START DATA SHOWN

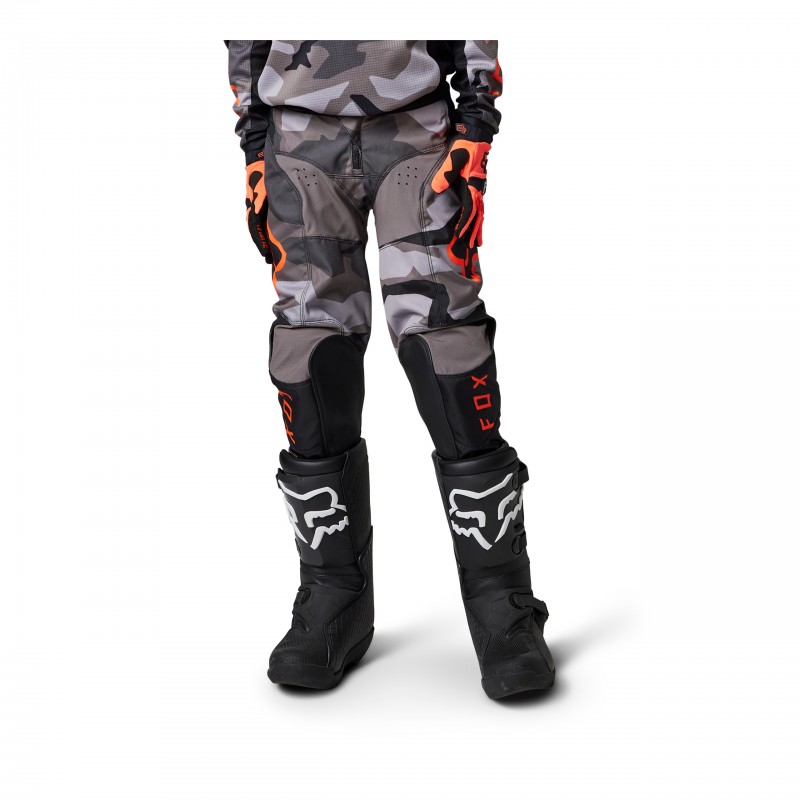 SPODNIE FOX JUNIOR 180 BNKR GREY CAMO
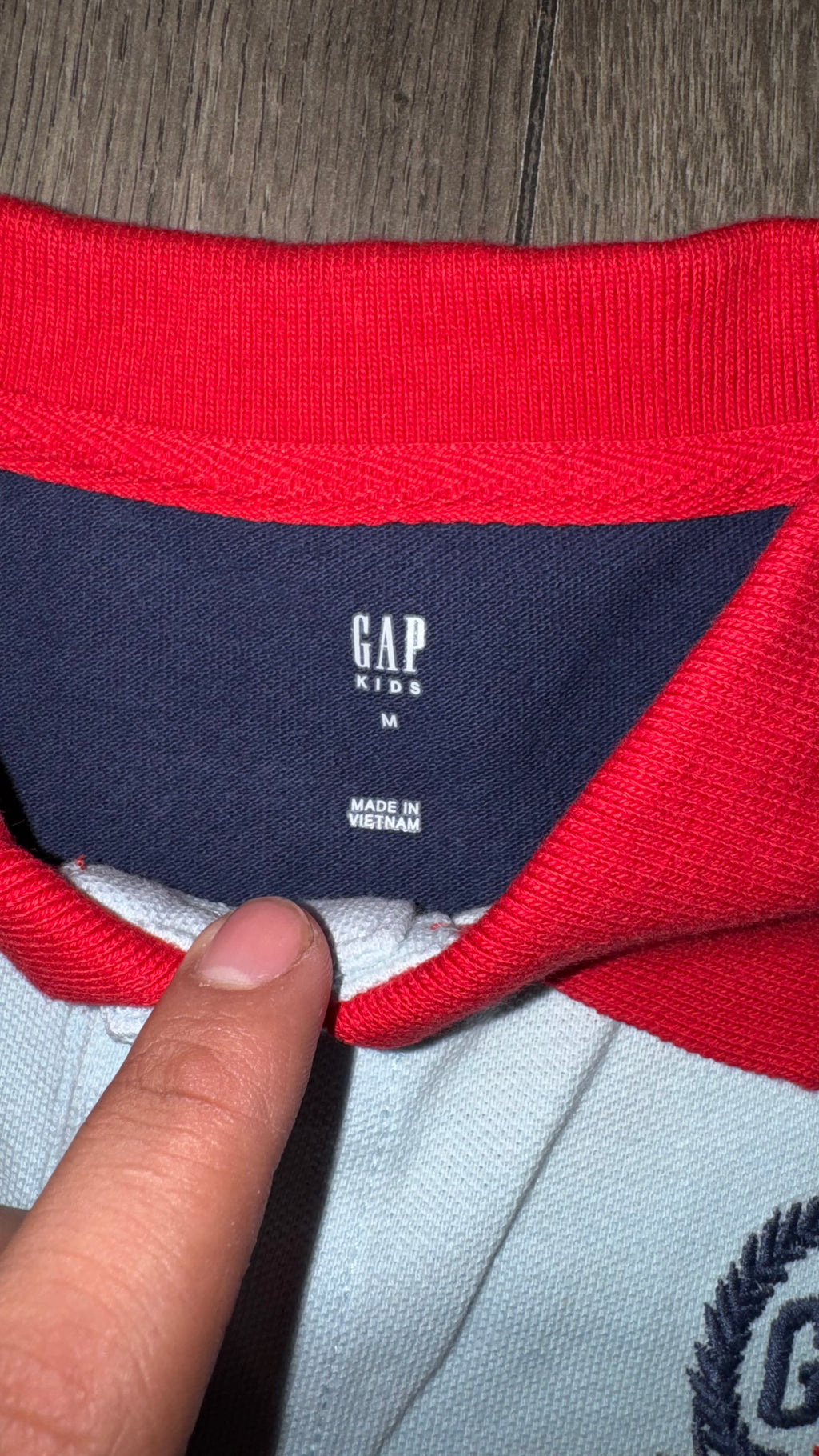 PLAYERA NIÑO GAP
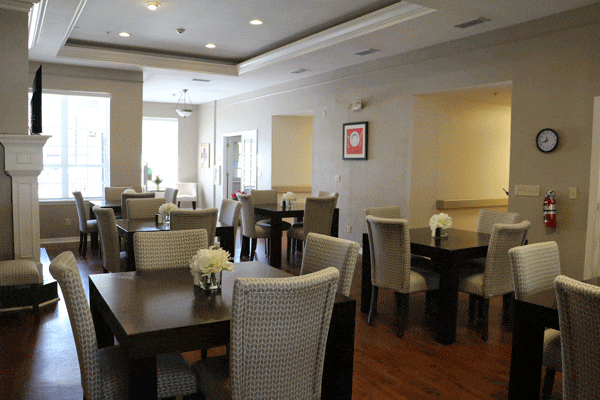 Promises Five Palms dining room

END DATA SHOWN

■ **WHAT THIS TASK INVOLVES**
Each line from the one containing "PLAYERA NIÑO GAP" through the last line of the listing must be copied exactly, and the pictures must not be.

■ **ANSWER FOR THIS EXERCISE**
 PLAYERA NIÑO GAP
 Promises Five Palms dining room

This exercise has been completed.